QuantizeLinear - version 10#

This page documents version 10 of operator QuantizeLinear. See QuantizeLinear for the latest version (since version 25).

  • Domain: ai.onnx

  • Since version: 10

The linear per-tensor/layer quantization operator. It consumes a high precision tensor, a scale, a zero point to compute the low precision / quantized tensor. The quantization formula is y = saturate ((x / y_scale) + y_zero_point). For saturation, it saturates to [0, 255] if it’s uint8, or [-128, 127] if it’s int8. For (x / y_scale), it’s rounding to the nearest even. Refer to https://en.wikipedia.org/wiki/Rounding for details. ‘y_zero_point’ and ‘y’ must have same type.

Inputs

  • x (T1): N-D full precision Input tensor to be quantized.

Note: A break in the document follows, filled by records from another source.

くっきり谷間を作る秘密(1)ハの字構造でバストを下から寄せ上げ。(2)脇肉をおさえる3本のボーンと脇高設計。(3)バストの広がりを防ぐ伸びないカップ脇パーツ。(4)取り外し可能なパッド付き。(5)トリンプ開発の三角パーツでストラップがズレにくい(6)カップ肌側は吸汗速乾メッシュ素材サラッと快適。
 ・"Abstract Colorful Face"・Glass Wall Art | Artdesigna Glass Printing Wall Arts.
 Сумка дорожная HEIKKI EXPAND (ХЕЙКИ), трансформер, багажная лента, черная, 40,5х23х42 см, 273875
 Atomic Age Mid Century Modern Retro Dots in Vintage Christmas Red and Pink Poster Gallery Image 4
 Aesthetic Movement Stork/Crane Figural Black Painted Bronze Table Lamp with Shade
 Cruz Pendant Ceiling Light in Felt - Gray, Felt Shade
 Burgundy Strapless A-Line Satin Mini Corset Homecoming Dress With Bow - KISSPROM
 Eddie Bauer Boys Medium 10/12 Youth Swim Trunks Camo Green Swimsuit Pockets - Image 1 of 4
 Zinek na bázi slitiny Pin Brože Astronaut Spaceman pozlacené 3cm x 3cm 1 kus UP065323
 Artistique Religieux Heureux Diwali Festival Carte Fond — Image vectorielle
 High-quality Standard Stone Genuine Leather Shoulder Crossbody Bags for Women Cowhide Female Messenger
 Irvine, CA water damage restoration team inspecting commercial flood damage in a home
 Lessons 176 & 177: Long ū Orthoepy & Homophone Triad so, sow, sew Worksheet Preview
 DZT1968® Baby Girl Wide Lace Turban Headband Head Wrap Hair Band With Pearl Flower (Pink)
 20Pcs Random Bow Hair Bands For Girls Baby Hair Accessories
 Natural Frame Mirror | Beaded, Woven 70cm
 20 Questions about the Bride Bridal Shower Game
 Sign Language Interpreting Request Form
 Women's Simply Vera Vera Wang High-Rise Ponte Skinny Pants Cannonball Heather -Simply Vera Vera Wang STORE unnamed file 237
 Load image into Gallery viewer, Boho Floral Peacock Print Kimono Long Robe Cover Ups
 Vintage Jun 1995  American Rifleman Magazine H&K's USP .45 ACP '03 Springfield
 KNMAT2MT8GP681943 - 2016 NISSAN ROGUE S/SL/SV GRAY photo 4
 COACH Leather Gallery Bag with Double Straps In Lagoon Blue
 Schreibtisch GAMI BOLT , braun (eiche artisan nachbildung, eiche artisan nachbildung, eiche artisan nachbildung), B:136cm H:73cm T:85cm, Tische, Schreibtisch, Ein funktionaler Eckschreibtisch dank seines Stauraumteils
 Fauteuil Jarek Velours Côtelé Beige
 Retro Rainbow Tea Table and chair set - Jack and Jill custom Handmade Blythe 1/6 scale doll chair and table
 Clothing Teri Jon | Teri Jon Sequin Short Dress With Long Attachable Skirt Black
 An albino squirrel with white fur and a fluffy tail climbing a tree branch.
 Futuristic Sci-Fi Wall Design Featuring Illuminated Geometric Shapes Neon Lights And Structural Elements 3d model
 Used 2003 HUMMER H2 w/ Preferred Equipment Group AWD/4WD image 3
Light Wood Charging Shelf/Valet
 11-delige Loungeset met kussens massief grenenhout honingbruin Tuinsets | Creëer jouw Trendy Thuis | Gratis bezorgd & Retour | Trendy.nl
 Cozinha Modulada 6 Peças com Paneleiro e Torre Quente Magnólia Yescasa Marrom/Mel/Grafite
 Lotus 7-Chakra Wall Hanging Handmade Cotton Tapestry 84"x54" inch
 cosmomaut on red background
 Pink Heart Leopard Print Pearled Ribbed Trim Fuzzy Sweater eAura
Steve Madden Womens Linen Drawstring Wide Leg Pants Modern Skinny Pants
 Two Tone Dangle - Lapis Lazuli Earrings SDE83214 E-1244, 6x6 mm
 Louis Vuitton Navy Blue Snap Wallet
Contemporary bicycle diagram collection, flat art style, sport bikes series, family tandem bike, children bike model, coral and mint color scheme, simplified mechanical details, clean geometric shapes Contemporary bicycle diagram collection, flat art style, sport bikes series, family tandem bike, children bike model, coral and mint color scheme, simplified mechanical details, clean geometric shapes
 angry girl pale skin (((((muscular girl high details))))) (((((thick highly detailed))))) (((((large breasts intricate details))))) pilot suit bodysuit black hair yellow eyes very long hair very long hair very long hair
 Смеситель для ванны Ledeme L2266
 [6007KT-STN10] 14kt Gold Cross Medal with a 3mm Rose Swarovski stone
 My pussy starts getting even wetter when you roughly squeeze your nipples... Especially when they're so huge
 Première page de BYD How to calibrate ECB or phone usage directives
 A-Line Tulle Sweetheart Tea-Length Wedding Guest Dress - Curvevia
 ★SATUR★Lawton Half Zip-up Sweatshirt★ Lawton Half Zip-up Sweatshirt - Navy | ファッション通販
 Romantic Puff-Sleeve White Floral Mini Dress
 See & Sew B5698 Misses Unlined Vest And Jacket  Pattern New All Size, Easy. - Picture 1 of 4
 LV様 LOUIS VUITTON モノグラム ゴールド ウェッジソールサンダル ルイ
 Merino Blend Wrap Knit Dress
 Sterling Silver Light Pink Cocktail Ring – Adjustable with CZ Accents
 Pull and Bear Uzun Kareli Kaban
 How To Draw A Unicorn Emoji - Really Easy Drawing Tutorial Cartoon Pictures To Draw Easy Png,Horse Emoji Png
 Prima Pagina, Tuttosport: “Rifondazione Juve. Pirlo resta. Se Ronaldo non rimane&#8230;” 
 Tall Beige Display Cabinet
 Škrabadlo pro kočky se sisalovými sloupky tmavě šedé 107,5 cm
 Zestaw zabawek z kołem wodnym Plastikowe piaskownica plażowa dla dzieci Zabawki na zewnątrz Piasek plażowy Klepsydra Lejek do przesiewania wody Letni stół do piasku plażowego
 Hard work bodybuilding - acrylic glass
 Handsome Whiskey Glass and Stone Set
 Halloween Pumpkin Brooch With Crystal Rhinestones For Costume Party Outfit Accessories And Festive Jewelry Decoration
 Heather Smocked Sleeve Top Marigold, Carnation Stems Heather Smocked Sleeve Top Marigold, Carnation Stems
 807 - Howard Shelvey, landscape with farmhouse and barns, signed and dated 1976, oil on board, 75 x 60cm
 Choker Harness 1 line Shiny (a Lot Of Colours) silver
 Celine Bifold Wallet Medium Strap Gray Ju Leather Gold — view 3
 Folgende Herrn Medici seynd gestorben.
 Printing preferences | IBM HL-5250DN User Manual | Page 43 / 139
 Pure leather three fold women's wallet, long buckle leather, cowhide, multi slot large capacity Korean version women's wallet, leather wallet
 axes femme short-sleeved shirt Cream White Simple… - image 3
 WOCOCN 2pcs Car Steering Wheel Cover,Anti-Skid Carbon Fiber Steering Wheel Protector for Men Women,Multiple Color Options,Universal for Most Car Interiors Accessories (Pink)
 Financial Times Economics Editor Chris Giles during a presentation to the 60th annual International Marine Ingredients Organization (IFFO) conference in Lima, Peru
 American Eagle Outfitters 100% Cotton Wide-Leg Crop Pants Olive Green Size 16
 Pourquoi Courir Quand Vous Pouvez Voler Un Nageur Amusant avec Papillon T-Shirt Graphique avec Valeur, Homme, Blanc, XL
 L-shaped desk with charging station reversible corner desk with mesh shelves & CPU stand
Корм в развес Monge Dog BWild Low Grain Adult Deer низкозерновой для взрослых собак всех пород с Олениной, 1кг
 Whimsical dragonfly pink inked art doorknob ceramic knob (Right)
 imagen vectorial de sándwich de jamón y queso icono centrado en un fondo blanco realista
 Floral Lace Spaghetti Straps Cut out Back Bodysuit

  • y_scale (tensor(float)): Scale for doing quantization to get ‘y’. It’s a scalar, which means a per-tensor/layer quantization.

  • y_zero_point (T2): Zero point for doing quantization to get ‘y’. It’s a scalar, which means a per-tensor/layer quantization. Default value is uint8 typed 0 if it’s not specified.

Outputs

  • y (T2): N-D quantized output tensor. It has same shape as input ‘x’.

Type Constraints

  • T1: Constrain ‘x’ to float or int32 tensor. Allowed types: tensor(float), tensor(int32).

  • T2: Constrain ‘y_zero_point’ and ‘y’ to 8-bit integer tensor. Allowed types: tensor(int8), tensor(uint8).